And? Which country has the greater capacity for solar power but continues to use coal?
Just back out of this thread slowly and quietly.
Given the logistics, probably Germany
No, not even close.
Have a think about geography
You will need to spell that out more clearly, my perception is that the geography in America is better suited to wind and solar power generation than Germany. This is based on my travels in both nations.
Deserts don’t need electricity, people do. The majority of the people live in urbanized areas just like in Germany, not in the desert.

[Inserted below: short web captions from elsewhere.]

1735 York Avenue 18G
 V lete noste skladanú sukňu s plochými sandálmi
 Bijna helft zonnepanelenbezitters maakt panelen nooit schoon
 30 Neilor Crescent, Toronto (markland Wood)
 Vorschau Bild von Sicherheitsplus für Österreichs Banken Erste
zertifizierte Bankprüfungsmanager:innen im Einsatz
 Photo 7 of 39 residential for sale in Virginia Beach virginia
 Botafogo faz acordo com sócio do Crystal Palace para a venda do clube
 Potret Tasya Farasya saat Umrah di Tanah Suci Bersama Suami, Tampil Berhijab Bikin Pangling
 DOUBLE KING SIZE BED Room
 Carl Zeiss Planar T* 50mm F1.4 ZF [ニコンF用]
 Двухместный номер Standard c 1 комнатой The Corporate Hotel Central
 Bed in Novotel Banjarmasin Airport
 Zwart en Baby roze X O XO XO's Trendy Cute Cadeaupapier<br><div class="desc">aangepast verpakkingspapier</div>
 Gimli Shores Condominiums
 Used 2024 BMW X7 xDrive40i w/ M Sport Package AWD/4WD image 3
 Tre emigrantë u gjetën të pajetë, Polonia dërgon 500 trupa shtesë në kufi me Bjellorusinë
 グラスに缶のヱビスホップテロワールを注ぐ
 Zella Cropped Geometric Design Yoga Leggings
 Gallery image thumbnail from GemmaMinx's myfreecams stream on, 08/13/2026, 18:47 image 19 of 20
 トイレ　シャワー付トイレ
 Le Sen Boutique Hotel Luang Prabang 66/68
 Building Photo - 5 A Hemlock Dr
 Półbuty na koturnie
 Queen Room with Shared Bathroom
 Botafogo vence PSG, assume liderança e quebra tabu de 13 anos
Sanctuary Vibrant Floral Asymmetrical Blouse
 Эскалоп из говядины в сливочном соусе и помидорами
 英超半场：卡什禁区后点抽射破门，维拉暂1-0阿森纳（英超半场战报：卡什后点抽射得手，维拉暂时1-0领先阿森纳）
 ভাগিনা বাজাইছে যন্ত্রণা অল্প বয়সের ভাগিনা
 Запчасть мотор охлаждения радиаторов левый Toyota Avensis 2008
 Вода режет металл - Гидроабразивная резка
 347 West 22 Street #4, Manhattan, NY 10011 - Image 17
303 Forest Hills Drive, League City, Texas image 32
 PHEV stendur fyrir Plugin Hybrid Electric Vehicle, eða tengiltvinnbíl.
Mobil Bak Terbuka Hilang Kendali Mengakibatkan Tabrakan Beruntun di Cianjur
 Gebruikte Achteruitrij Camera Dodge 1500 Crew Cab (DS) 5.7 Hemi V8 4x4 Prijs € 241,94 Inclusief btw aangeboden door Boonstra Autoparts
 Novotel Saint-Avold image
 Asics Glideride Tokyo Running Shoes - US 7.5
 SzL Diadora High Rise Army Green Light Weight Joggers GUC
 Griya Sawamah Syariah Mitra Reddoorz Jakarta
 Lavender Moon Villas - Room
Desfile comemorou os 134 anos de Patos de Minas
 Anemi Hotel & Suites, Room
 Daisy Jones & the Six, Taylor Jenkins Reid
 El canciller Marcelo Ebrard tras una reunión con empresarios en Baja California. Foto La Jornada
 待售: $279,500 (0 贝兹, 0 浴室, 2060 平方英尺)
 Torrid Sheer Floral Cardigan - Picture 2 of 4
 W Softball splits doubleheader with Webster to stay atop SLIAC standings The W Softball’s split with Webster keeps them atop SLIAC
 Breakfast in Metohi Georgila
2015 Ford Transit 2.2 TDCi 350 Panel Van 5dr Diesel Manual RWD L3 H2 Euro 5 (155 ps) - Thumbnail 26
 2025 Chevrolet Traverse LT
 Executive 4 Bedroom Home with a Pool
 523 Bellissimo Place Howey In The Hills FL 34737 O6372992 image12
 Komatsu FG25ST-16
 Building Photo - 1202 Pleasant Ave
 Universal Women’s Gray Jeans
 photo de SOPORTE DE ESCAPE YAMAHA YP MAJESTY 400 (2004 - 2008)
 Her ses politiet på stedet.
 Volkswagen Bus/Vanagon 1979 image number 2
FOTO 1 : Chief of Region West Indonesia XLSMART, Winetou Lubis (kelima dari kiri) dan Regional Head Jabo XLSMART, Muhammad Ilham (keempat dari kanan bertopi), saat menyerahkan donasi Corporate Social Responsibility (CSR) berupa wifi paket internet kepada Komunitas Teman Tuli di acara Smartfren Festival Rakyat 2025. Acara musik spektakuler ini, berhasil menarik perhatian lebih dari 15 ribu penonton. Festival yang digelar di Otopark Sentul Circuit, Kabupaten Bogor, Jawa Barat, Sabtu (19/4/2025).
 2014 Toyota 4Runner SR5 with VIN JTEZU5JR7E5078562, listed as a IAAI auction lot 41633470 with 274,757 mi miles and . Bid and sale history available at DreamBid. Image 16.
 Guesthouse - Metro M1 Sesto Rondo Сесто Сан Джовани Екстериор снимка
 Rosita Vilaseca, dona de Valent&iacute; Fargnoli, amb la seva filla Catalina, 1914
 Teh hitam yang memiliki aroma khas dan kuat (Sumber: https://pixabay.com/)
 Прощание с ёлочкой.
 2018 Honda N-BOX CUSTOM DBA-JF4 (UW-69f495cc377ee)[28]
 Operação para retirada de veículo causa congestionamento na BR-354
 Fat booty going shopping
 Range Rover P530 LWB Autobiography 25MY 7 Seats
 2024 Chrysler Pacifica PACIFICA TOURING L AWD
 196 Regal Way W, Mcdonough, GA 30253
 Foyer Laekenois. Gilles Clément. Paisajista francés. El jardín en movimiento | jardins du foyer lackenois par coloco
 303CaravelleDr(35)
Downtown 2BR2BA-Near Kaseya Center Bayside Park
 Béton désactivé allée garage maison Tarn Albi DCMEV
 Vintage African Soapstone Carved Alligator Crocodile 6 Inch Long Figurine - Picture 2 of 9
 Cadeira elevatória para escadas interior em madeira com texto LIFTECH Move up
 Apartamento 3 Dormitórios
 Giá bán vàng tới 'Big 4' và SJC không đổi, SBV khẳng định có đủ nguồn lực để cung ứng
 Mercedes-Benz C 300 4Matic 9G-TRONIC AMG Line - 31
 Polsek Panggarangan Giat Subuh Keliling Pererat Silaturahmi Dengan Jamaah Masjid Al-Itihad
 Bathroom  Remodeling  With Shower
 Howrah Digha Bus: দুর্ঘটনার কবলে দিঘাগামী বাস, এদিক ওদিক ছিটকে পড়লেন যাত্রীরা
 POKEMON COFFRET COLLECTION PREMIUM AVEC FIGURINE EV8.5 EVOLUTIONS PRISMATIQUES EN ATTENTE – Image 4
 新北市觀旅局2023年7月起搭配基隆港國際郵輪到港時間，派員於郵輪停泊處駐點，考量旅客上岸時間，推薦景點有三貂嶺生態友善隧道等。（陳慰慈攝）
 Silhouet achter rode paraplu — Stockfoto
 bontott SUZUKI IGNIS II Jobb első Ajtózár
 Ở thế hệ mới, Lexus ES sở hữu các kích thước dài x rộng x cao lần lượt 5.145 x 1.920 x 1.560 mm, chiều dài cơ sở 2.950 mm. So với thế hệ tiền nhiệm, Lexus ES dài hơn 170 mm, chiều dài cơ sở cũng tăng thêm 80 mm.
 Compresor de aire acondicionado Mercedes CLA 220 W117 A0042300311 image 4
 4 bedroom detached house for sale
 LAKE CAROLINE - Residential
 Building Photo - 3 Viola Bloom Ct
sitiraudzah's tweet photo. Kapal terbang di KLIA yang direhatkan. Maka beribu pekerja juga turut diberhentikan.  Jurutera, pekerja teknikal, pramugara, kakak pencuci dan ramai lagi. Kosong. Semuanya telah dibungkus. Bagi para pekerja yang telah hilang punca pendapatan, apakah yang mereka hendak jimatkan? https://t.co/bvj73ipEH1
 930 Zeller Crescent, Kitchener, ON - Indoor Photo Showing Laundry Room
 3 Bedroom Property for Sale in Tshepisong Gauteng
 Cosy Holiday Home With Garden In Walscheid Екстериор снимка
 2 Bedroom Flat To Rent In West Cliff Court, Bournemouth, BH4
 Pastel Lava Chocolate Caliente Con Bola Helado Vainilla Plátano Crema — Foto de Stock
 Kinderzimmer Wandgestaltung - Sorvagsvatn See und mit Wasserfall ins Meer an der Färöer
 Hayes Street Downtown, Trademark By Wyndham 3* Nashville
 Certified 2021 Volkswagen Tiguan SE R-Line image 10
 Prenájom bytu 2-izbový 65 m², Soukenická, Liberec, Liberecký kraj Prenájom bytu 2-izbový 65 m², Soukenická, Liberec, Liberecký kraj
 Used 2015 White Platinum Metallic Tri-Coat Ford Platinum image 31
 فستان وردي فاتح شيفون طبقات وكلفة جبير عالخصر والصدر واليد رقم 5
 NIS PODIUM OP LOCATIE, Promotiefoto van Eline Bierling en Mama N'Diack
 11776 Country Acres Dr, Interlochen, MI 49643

I think we might be getting somewhere. The catch being, a good many of those urbanized areas are
in the desert. People live in urbanized areas in the desert. Los Angeles, San Diego, Palm Springs, Las Vegas, Phoenix, Tuscon, Albuquerque, Santa Fe, Lubbock, Amarillo, San Bernardino. That tens and tens of millions of people, all living in desert areas with better than 330 days of sunshine per year. Nice spread out American cities with big rooftops and parking lots just waiting to have solar panels installed over them.
And that completely leaves out the wind power potential of the states in the northern part of the west. Southern Wyoming is installing some wind, but that's slated to run power to Las Vegas through DC powerlines that are currently under construction (but behind schedule). They could easily put in more to run power to Denver and the Colorado front range with its four or five million people, it is not that far, or turn them east towards Omaha. Even St. Louis is little further from that part of Wyoming than Las Vegas is, if they can run power to southwest to Vegas, they can run it east to St. Louis and Kansas City.
Then if you go further East in the U.S. you get to climates that more closely resemble a certain European country named "Germany". I would thing if that nation, with its climate and geography can do it, then so can those parts of America that have similar climates and geographic features.
America has not picked the low hanging fruit in renewable energy. Half of our political apparatus seems focused on denying the existence of that low hanging fruit or of the need to use it. If Greta can focus more public perception on the problem and thereby get people to apply political pressure, then I am supportive of that. She's not a scientist, she's a communicator and an advocate which is a role she seems suited for and is doing effectively. She draws attention, gets the younguns' motivated to be prepared to vote until they come of age and to pressure the views and opinions of their parents until then. That's good. She is doing good.